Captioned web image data
Segment Open

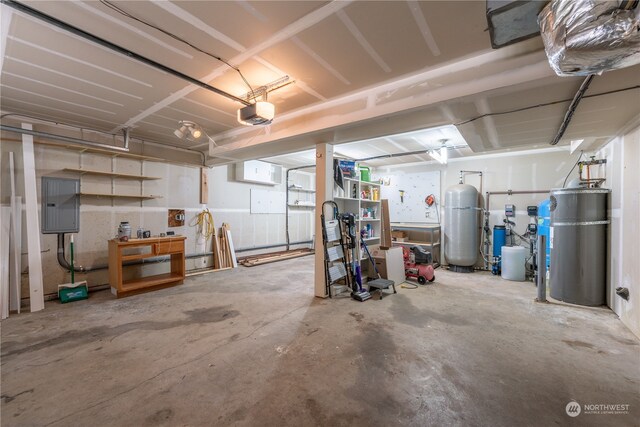 garage featuring a garage door opener and electric panel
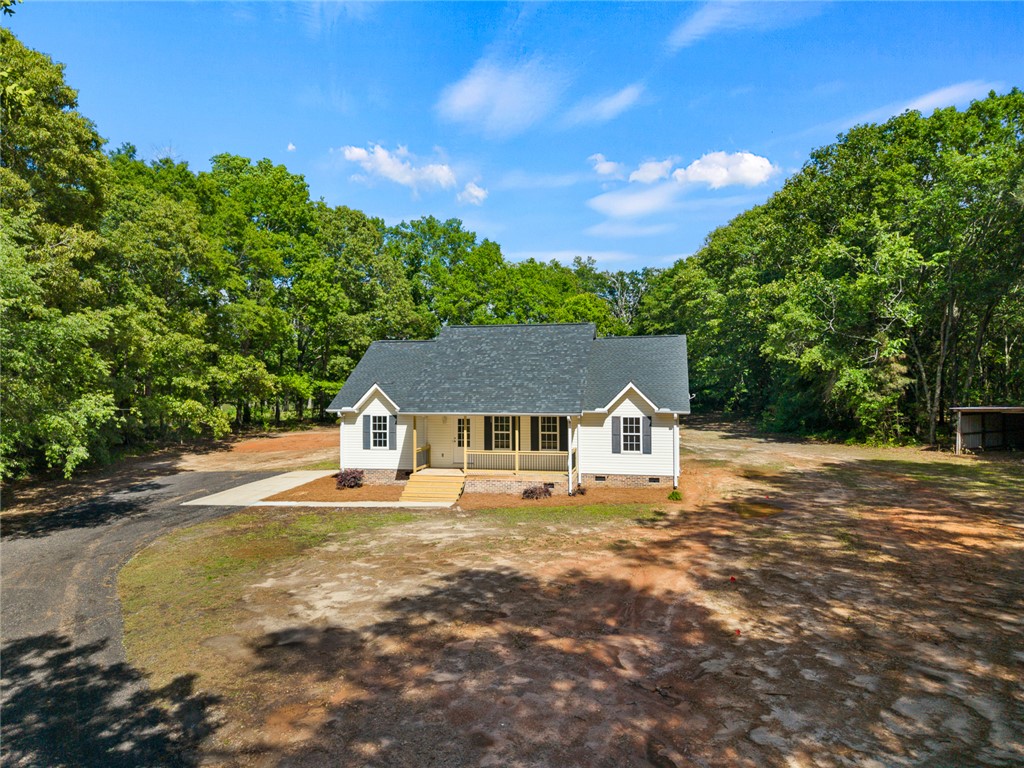 131 Lockaby Road Pelzer, SC 29669 - Photo 6 of 50 This inviting home offers a welcoming front porch!
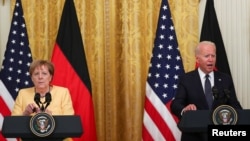 Ангела Меркел и Джо Байдън по време на съвместна пресконференция в Белия дом на 16 юли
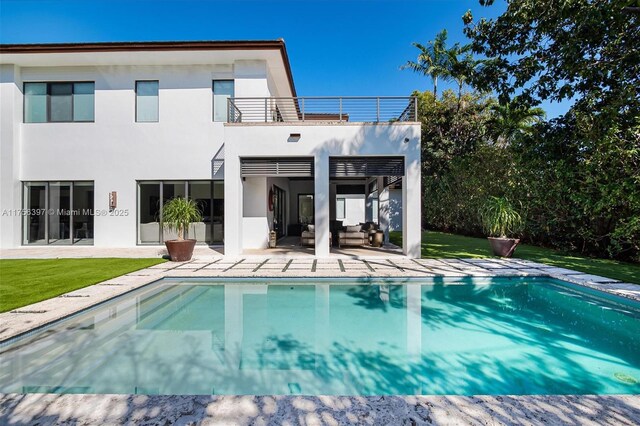 7360 SW 53rd Pl, Miami, FL 33143 - rear view of property with a patio area, stucco siding, a balcony, an outdoor hangout area, and an outdoor pool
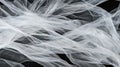 A black background with white, sheer, and flowing fabric.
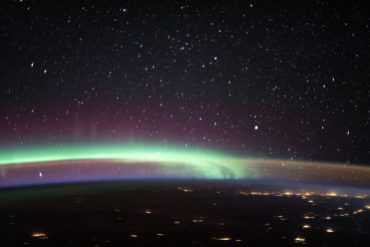 Two of Earth’s Most Colorful Atmospheric Phenomena Meet in Stunning Photo From Space Station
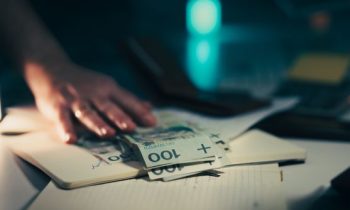 Close-up of hand reaching for banknotes on an office desk with a notebook and calculator.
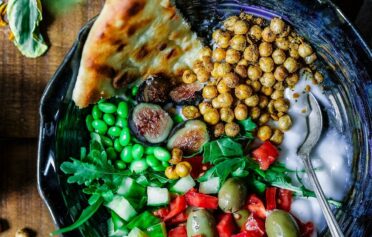 Eine leckere mediterrane Bowl mit Fladenbrot, Kiechererbsen, Edamame, Tomaten und Joghurt.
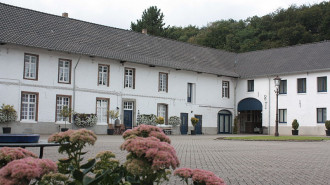 Binnenplaats hoeve De Kruisstraat in Rimburg - Richard Barendse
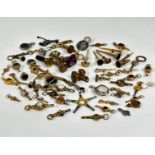 A large collection of yellow metal, gilt metal, white metal, steel, and brass pocket watch keys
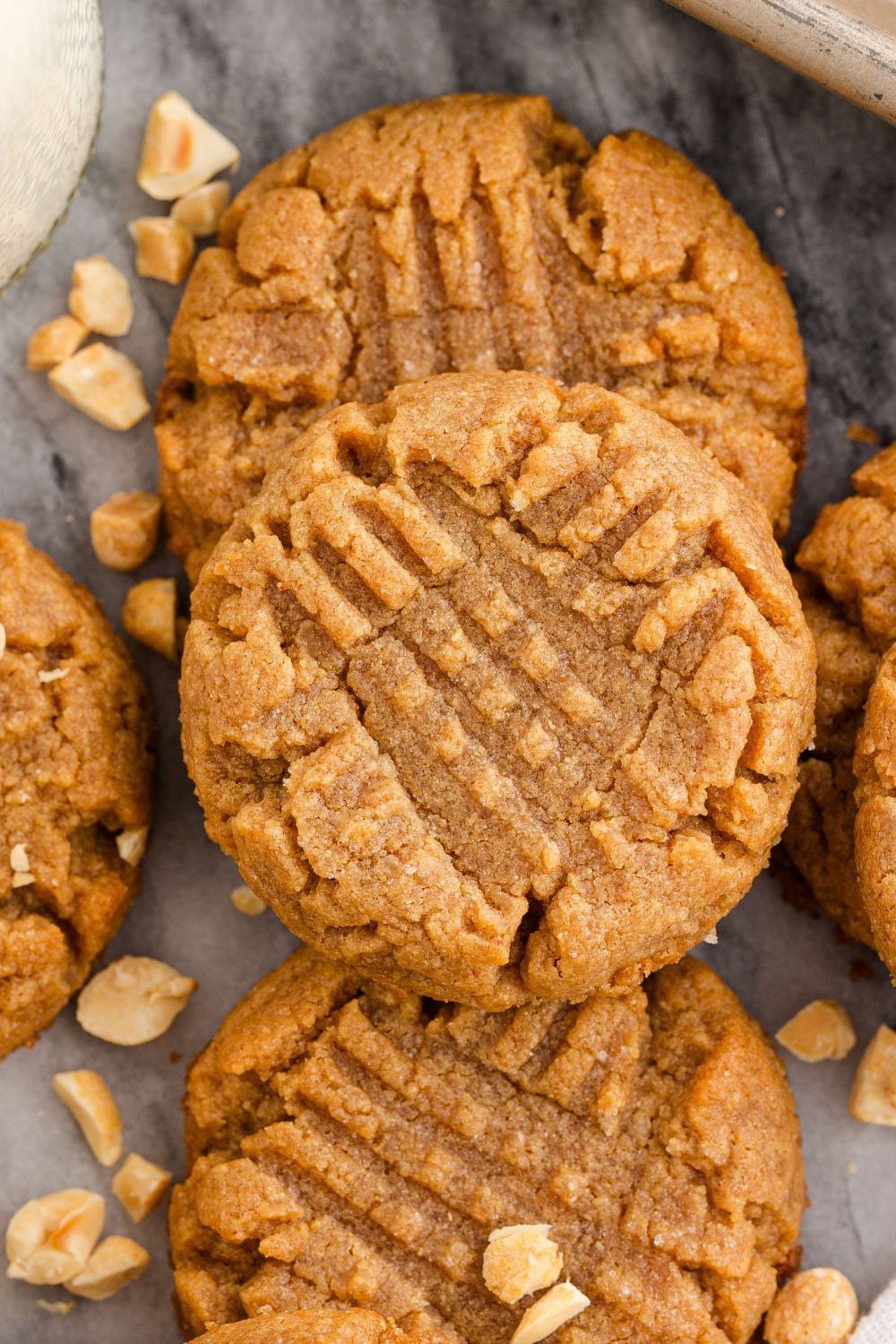 close up of peanut butter cookies on a marble counter with peanuts around the table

Segment Closed

TASK DIRECTIONS:
Your copy must match the records above word for word and contain no pictures.

SOLUTION BELOW:
 garage featuring a garage door opener and electric panel
 131 Lockaby Road Pelzer, SC 29669 - Photo 6 of 50 This inviting home offers a welcoming front porch!
 Ангела Меркел и Джо Байдън по време на съвместна пресконференция в Белия дом на 16 юли
 7360 SW 53rd Pl, Miami, FL 33143 - rear view of property with a patio area, stucco siding, a balcony, an outdoor hangout area, and an outdoor pool
 A black background with white, sheer, and flowing fabric.
 Two of Earth’s Most Colorful Atmospheric Phenomena Meet in Stunning Photo From Space Station
 Close-up of hand reaching for banknotes on an office desk with a notebook and calculator.
 Eine leckere mediterrane Bowl mit Fladenbrot, Kiechererbsen, Edamame, Tomaten und Joghurt.
 Binnenplaats hoeve De Kruisstraat in Rimburg - Richard Barendse
 A large collection of yellow metal, gilt metal, white metal, steel, and brass pocket watch keys
 close up of peanut butter cookies on a marble counter with peanuts around the table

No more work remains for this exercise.